=== Assignment ===
Calculate how many lines in the following records hold the word "Apartment", and report that number without comment.

=== Information ===
▶

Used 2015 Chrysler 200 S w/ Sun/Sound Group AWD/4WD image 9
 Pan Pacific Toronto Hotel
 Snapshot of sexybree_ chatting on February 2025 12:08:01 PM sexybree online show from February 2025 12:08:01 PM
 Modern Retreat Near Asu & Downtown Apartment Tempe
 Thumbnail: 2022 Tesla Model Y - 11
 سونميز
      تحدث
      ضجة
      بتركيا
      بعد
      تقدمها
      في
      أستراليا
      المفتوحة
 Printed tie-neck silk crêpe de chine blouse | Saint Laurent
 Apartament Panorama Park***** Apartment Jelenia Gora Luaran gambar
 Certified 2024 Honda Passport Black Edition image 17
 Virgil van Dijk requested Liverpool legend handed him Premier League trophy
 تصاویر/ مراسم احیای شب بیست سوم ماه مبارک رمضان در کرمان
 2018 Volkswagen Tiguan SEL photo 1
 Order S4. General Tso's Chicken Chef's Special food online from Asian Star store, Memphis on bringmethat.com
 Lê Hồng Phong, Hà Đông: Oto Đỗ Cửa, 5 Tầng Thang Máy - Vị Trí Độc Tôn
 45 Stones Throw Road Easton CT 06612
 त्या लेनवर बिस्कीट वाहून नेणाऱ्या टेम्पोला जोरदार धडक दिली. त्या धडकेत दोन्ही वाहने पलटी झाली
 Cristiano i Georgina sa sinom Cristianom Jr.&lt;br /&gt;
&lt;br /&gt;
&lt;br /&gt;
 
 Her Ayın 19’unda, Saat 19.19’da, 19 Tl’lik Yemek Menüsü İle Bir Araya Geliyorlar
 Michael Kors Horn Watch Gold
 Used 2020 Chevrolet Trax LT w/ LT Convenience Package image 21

◀

=== Written response ===
2